Problem details
All of the data that follows is to be written out exactly, with images excluded.

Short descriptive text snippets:
'''

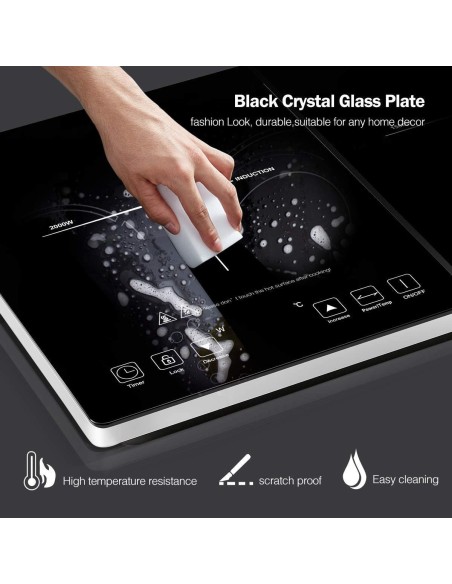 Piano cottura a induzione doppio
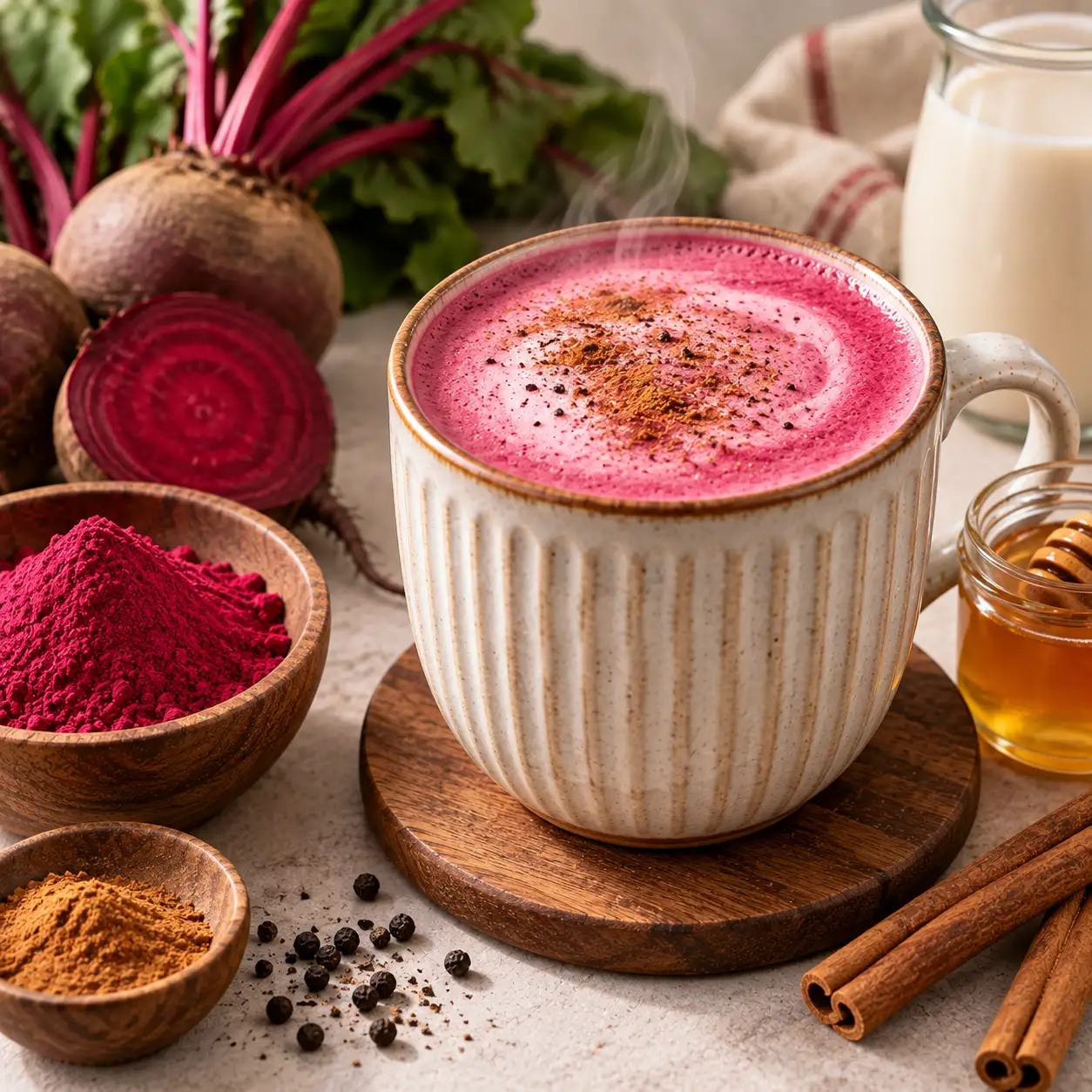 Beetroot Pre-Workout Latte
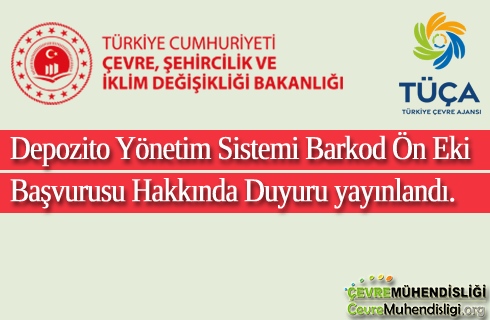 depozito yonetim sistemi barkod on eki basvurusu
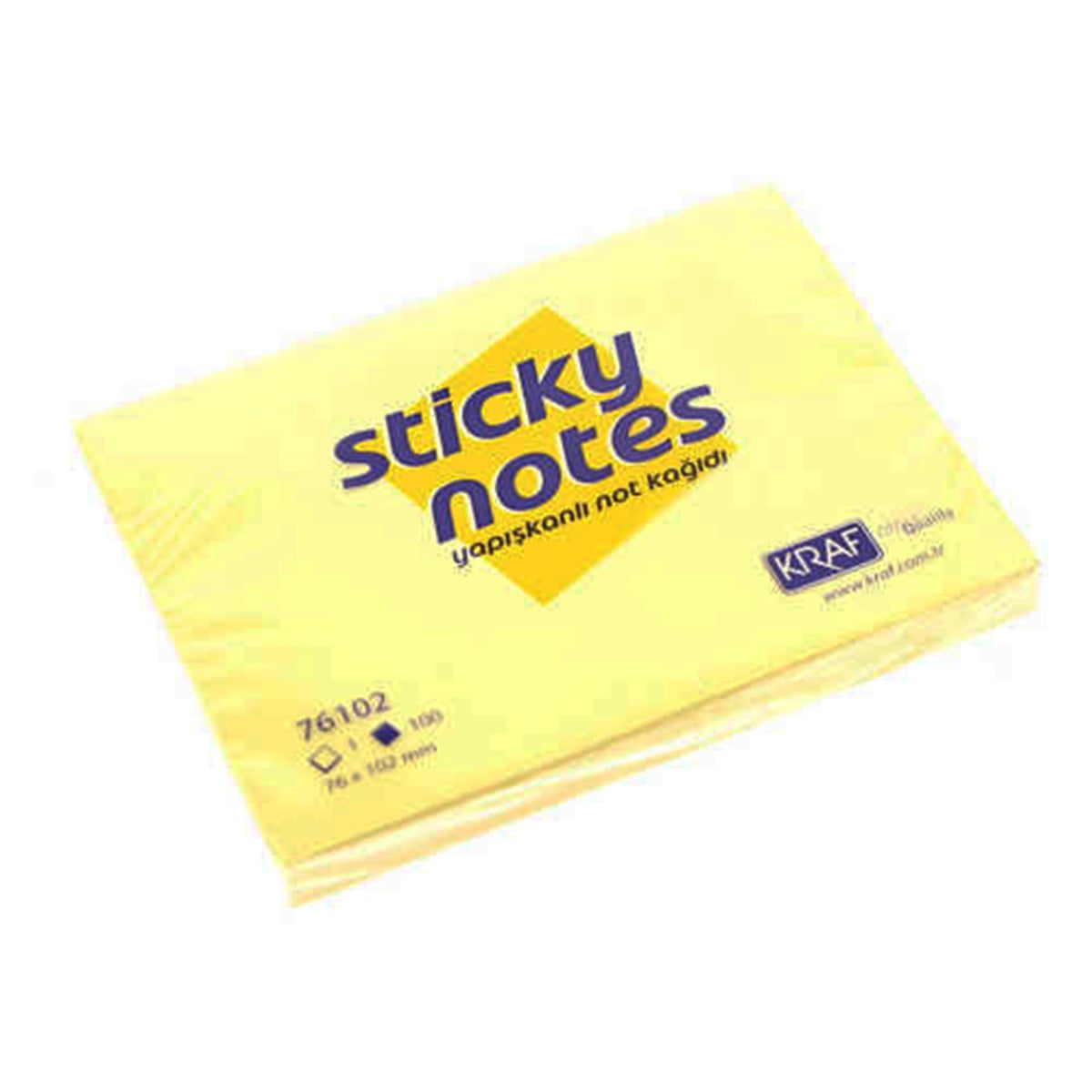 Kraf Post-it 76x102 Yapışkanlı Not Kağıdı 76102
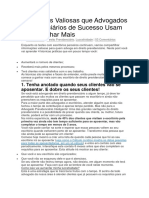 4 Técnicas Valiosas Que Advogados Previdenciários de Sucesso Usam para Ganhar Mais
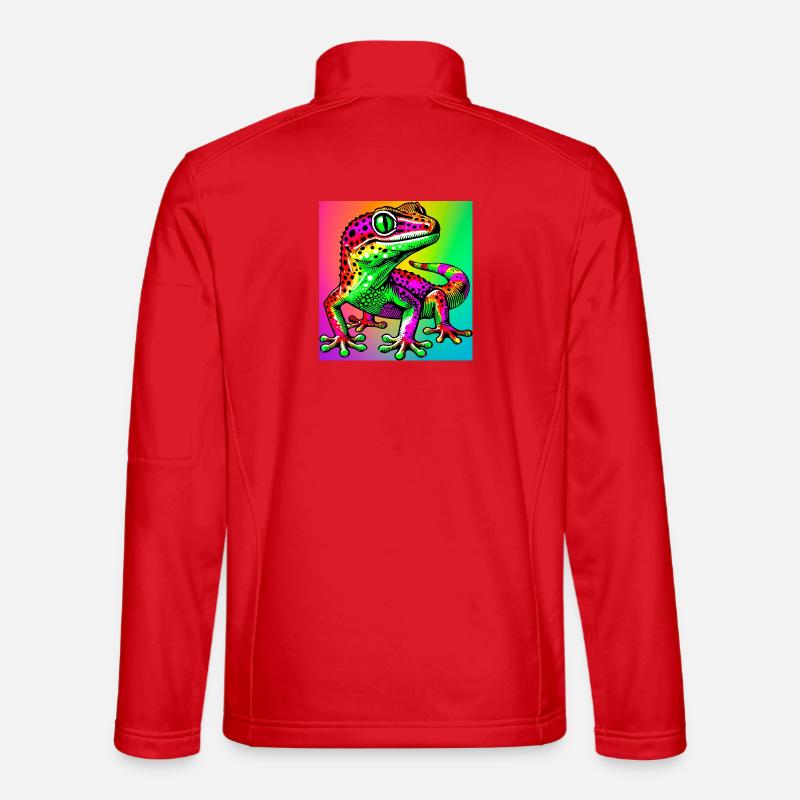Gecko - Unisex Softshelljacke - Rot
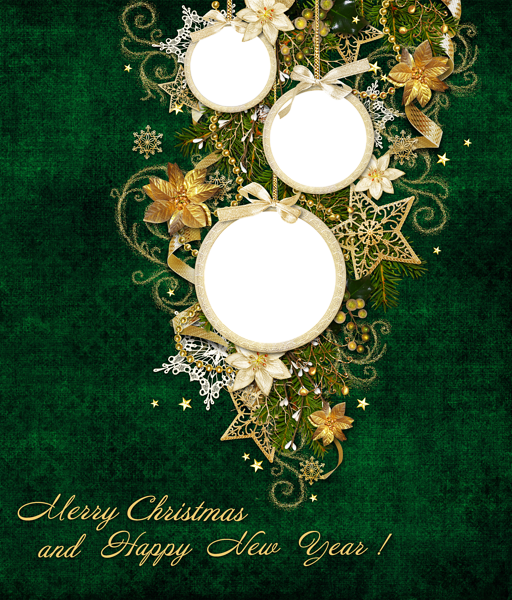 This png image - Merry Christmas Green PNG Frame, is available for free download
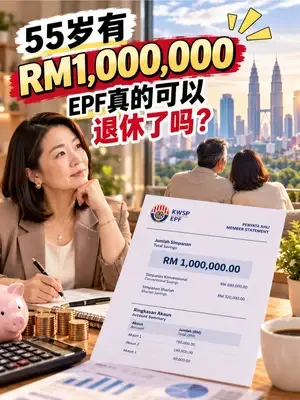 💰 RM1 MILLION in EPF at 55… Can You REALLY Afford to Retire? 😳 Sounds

'''

Solution below
 Piano cottura a induzione doppio
 Beetroot Pre-Workout Latte
 depozito yonetim sistemi barkod on eki basvurusu
 Kraf Post-it 76x102 Yapışkanlı Not Kağıdı 76102
 4 Técnicas Valiosas Que Advogados Previdenciários de Sucesso Usam para Ganhar Mais
Gecko - Unisex Softshelljacke - Rot
 This png image - Merry Christmas Green PNG Frame, is available for free download
 💰 RM1 MILLION in EPF at 55… Can You REALLY Afford to Retire? 😳 Sounds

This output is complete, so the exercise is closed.